:: THE DATA ::
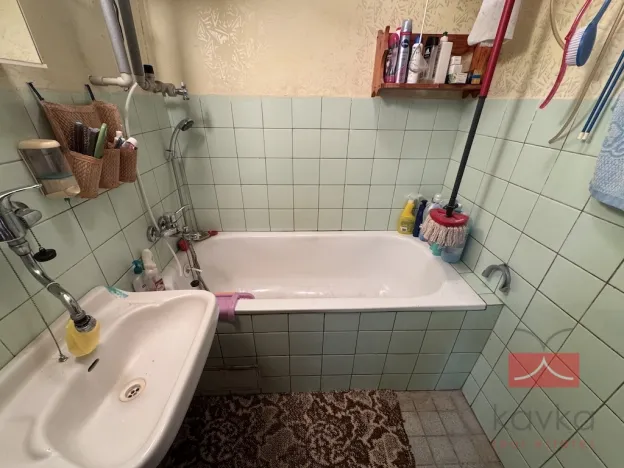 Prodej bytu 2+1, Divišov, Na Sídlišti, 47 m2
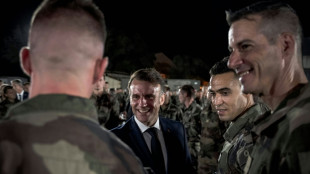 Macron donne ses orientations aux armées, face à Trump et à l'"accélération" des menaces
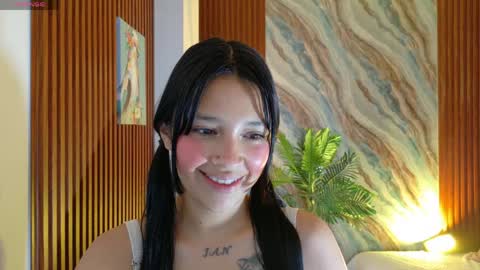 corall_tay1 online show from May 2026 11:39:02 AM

* * *

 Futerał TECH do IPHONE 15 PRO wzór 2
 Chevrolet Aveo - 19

:: HOW TO COMPLETE THIS TASK ::
From the line holding "Futerał TECH do IPHONE 15 PRO wzór 2" to the line holding "Chevrolet Aveo - 19", inclusive, restate each line above exactly as written.

:: EXERCISE OUTPUT ::
 Futerał TECH do IPHONE 15 PRO wzór 2
 Chevrolet Aveo - 19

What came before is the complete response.